Wenn alte Bündnisse zu Bruch gehen, wird es für alle Beteiligten schmerzhaft. Jahrelang hatten Sanofi und Klosterfrau Medikamente mit nahendem Verfalldatum über die Zwischenhändler MTI und Comas zu Niedrigpreisen in den Markt gebracht. Als die Sache aufzufliegen drohte, musste ein Bauernopfer gebracht werden. Sanofi stellte Strafanzeige gegen den ehemaligen Partner. Doch am Ende wendete sich das Blatt gegen den Konzern, der als großer Verlierer eine Millionenstrafe zahlen muss.
Wie der Spiegel vor drei Jahren berichtete, hatte eine Spezialabteilung bei Sanofi unter der Leitung von Erich Dambacher ab 2001 eine Art „Resterampe“ für die Pharmindustrie aufgezogen. Für bis zu 50 Prozent Rabatt lieferte die Branche Produkte mit kurzem Verfall; über den Pharmakonzern gelangte die Ware an deutsche Großhändler. Abgewickelt wurden die Geschäfte über die Firmen MTI und Comas aus Hamburg, die ansonsten mit Arzneimitteln nichts am Hut haben.
Nach offizieller Lesart waren die Präparate für Reedereien beziehungsweise einen Hilfsverein gedacht. Entsprechend gab es in den Lieferverträgen eine Zweckbindung; allerdings soll Sanofi nie einen Nachweis verlangt haben, wohin die Ware tatsächlich ging. Vielmehr wurde Wert darauf gelegt, dass es sich um in Deutschland verkehrsfähige Präparate handelte. Laut Spiegel summierten sich die Umsätze alleine zwischen 2006 und 2010 auf 245 Millionen Euro.

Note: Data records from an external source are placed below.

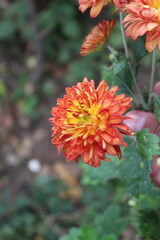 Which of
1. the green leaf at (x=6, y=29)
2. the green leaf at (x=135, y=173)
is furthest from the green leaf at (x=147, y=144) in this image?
the green leaf at (x=6, y=29)

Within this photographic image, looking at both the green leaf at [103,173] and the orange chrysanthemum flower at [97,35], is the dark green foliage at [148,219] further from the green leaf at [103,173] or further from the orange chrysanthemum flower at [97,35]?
the orange chrysanthemum flower at [97,35]

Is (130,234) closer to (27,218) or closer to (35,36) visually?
(27,218)

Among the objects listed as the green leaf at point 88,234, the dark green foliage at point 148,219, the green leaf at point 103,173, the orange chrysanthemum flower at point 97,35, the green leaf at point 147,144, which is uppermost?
the orange chrysanthemum flower at point 97,35

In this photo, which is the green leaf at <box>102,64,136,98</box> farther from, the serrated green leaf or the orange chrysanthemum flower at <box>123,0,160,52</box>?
the orange chrysanthemum flower at <box>123,0,160,52</box>

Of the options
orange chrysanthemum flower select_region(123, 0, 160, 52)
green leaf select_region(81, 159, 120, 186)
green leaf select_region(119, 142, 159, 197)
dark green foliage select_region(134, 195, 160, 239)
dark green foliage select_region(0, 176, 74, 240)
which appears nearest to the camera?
orange chrysanthemum flower select_region(123, 0, 160, 52)

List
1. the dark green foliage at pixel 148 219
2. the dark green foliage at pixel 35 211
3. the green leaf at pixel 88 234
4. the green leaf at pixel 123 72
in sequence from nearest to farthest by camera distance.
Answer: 1. the green leaf at pixel 123 72
2. the dark green foliage at pixel 148 219
3. the green leaf at pixel 88 234
4. the dark green foliage at pixel 35 211

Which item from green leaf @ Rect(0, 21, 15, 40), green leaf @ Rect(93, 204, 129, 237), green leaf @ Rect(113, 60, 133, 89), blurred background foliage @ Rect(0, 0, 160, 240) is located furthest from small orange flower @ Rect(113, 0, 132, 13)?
green leaf @ Rect(0, 21, 15, 40) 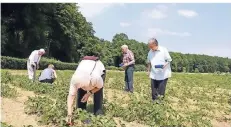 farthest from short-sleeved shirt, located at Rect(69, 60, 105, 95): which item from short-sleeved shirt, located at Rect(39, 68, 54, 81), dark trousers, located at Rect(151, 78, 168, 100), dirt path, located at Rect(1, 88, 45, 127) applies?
short-sleeved shirt, located at Rect(39, 68, 54, 81)

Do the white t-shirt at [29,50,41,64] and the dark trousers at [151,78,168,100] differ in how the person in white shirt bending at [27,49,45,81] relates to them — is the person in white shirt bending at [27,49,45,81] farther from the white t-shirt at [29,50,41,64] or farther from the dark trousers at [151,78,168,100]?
the dark trousers at [151,78,168,100]

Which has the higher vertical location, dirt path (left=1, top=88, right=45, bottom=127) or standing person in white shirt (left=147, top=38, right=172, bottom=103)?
standing person in white shirt (left=147, top=38, right=172, bottom=103)

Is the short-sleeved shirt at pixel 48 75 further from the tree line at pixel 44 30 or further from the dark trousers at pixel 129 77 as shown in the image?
the tree line at pixel 44 30

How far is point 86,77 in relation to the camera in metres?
6.67

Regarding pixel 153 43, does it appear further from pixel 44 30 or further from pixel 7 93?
pixel 44 30

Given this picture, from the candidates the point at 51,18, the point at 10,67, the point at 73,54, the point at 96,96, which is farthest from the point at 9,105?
the point at 73,54

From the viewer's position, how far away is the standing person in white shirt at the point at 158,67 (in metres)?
9.14

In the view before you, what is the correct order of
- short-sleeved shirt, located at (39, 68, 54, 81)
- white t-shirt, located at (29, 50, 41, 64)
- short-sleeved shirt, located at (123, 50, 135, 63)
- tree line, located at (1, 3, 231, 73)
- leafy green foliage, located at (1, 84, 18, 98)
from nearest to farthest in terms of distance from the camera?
leafy green foliage, located at (1, 84, 18, 98), short-sleeved shirt, located at (123, 50, 135, 63), short-sleeved shirt, located at (39, 68, 54, 81), white t-shirt, located at (29, 50, 41, 64), tree line, located at (1, 3, 231, 73)

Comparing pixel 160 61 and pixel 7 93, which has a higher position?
pixel 160 61

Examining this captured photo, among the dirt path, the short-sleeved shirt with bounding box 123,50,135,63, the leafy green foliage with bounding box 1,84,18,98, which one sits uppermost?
the short-sleeved shirt with bounding box 123,50,135,63

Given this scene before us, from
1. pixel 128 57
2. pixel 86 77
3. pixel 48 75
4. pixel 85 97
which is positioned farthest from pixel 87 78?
pixel 48 75

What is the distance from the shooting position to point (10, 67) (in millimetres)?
30906

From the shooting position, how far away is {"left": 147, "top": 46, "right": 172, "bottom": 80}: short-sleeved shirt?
916 centimetres

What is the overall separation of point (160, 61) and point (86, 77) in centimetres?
292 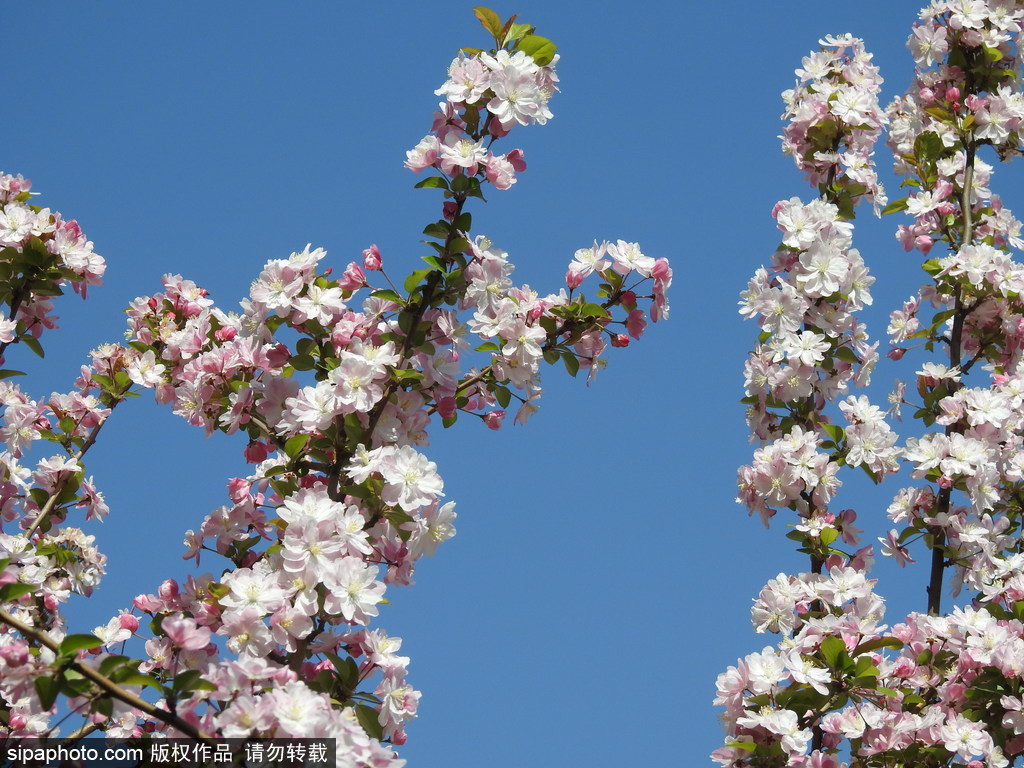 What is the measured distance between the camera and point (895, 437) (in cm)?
418

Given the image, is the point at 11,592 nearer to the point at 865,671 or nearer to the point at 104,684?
the point at 104,684

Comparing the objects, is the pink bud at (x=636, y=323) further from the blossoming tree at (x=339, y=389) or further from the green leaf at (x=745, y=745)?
the green leaf at (x=745, y=745)

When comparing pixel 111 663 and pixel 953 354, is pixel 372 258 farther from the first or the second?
pixel 953 354

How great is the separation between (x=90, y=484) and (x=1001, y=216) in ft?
13.8

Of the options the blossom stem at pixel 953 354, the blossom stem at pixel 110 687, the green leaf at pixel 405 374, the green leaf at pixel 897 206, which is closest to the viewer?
the blossom stem at pixel 110 687

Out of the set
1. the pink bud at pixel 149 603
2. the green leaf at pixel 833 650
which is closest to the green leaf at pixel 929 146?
the green leaf at pixel 833 650

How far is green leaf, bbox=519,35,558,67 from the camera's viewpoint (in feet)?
11.7

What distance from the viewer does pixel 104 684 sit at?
235 cm

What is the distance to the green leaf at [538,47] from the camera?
356cm

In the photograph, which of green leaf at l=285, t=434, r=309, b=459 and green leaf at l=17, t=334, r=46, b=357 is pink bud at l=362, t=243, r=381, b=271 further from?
green leaf at l=17, t=334, r=46, b=357

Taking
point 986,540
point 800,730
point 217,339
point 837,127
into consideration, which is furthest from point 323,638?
point 837,127

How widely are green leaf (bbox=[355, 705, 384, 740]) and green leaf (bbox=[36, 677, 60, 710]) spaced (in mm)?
850

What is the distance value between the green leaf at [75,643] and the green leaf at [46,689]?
7cm

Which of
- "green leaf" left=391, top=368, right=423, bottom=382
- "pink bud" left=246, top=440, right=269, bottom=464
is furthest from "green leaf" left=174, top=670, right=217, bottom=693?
"pink bud" left=246, top=440, right=269, bottom=464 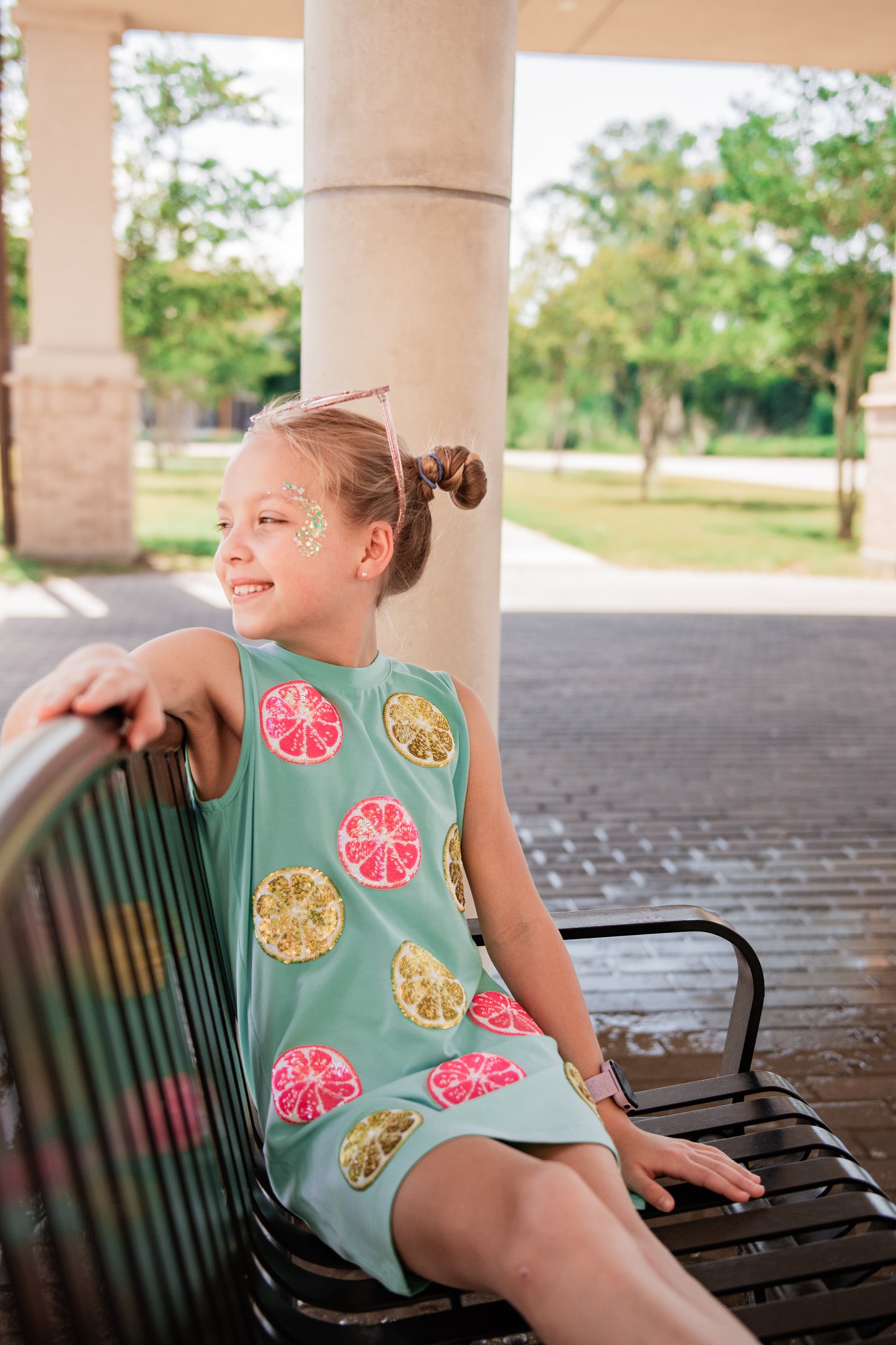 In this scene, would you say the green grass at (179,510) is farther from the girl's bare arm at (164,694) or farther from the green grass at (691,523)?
the girl's bare arm at (164,694)

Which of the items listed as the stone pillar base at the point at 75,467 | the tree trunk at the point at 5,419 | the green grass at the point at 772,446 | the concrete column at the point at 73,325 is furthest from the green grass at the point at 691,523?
the green grass at the point at 772,446

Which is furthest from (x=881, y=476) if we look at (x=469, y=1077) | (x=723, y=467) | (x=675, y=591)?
(x=723, y=467)

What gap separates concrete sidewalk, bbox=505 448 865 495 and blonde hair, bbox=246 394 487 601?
96.1 feet

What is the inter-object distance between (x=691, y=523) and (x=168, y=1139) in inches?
892

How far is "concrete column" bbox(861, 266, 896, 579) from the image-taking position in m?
15.4

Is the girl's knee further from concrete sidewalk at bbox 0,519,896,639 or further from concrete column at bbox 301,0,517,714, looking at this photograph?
concrete sidewalk at bbox 0,519,896,639

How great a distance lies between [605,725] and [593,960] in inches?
144

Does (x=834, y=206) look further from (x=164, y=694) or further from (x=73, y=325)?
(x=164, y=694)

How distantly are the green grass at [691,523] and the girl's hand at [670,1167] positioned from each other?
15692 mm

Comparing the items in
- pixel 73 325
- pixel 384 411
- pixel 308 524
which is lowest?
pixel 308 524

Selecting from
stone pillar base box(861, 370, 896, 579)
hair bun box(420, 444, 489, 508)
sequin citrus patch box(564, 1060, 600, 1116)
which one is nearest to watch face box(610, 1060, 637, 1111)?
sequin citrus patch box(564, 1060, 600, 1116)

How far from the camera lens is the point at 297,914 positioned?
195 cm

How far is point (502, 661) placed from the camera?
1014cm

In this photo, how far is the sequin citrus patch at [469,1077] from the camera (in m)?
1.79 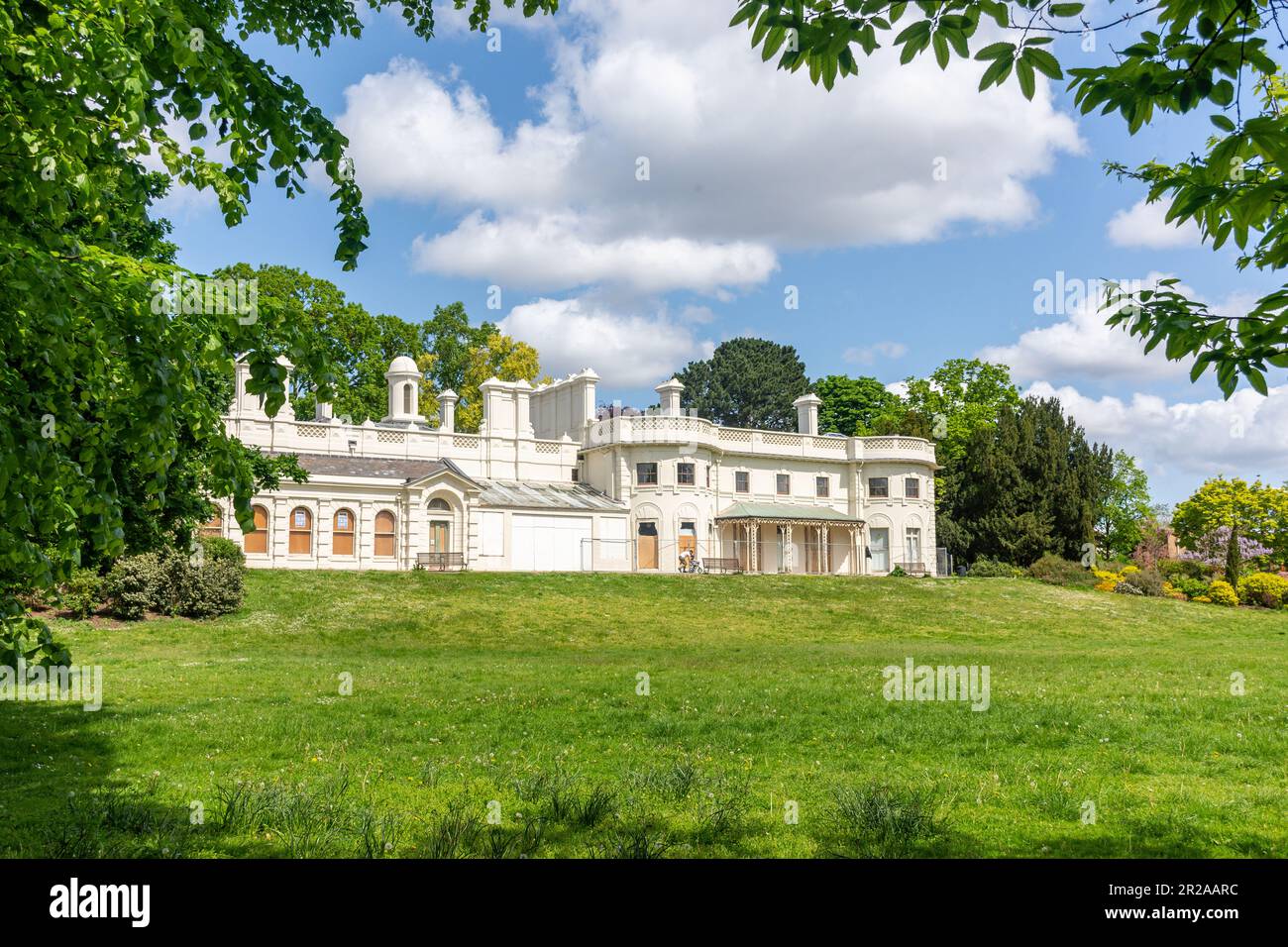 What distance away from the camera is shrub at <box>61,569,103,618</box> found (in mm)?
26859

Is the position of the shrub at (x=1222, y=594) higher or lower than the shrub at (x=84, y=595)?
lower

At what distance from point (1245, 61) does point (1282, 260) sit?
3.27 ft

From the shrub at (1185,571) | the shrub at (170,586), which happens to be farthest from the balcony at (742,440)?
the shrub at (170,586)

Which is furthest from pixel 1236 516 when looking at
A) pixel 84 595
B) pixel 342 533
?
pixel 84 595

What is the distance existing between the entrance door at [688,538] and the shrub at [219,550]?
919 inches

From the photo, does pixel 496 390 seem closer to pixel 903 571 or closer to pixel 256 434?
pixel 256 434

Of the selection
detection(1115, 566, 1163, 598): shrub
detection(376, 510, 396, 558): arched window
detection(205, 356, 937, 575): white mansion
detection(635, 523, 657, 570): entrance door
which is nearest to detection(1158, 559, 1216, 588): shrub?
detection(1115, 566, 1163, 598): shrub

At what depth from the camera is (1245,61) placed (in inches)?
180

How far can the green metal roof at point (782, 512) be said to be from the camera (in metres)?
51.6

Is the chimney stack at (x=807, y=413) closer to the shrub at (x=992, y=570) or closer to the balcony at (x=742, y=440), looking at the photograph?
the balcony at (x=742, y=440)

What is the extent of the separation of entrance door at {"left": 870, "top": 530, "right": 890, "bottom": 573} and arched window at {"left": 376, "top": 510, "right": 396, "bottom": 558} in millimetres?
27905

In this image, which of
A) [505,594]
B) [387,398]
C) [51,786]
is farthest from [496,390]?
[51,786]

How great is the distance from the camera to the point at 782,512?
173 feet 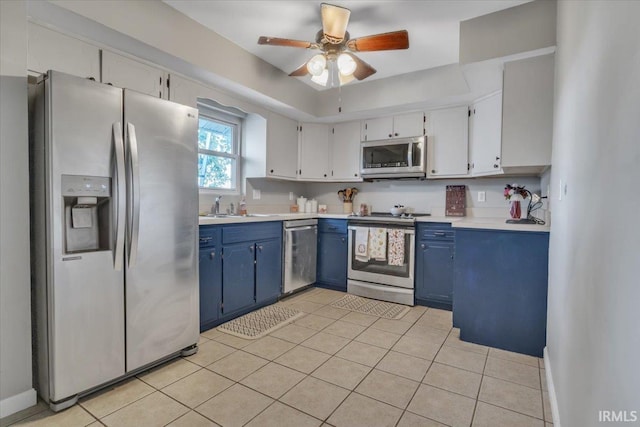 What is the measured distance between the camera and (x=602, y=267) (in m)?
0.90

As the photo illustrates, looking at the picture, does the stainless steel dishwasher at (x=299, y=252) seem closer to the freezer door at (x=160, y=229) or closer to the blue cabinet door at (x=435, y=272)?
the blue cabinet door at (x=435, y=272)

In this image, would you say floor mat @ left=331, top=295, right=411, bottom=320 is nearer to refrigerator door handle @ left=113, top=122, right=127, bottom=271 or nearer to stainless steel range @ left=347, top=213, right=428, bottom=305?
stainless steel range @ left=347, top=213, right=428, bottom=305

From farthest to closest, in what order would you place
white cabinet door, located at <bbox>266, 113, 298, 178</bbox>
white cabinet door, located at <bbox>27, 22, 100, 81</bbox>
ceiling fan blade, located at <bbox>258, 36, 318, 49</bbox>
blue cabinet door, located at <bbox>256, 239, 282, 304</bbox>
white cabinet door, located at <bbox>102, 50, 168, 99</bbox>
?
white cabinet door, located at <bbox>266, 113, 298, 178</bbox> < blue cabinet door, located at <bbox>256, 239, 282, 304</bbox> < ceiling fan blade, located at <bbox>258, 36, 318, 49</bbox> < white cabinet door, located at <bbox>102, 50, 168, 99</bbox> < white cabinet door, located at <bbox>27, 22, 100, 81</bbox>

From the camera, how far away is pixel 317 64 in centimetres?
256

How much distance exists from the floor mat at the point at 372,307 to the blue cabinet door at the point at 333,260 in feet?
0.96

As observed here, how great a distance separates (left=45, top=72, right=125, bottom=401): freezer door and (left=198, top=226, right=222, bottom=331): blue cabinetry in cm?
79

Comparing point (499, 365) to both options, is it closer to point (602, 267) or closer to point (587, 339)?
point (587, 339)

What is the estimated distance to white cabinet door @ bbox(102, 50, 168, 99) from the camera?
2.29 m

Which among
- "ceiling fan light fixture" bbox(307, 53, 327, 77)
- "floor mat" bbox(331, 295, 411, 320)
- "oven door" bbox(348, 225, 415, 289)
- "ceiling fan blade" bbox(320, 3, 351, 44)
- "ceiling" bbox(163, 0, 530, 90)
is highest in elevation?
"ceiling" bbox(163, 0, 530, 90)

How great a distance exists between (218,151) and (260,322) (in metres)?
1.96

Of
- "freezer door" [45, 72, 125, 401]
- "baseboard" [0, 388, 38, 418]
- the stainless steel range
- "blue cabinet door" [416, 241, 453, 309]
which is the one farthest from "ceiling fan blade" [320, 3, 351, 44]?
"baseboard" [0, 388, 38, 418]

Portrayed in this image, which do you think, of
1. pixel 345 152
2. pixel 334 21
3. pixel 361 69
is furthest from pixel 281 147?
pixel 334 21

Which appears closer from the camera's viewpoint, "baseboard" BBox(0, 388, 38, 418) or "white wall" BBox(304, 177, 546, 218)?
"baseboard" BBox(0, 388, 38, 418)

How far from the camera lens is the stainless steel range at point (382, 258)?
3.44 meters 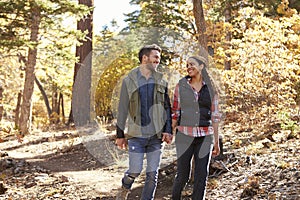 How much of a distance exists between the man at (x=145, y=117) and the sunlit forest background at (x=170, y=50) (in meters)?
2.32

Doch dann drohte das Konstrukt ans Licht zu kommen. Sanofi ging in die Offensive und stellte im Juli 2010 Strafanzeige: MTI habe die zweckgebundene Ware nicht wie vertraglich vereinbart an eine Hilfsorganisation geliefert, sondern an deutsche Pharmagroßhändler verkauft, so der Vorwurf. Damit habe die Firma nicht nur Sanofi und den Hilfsverein betrogen, sondern außerdem öffentliche Hilfsgelder von Bundesministerien veruntreut.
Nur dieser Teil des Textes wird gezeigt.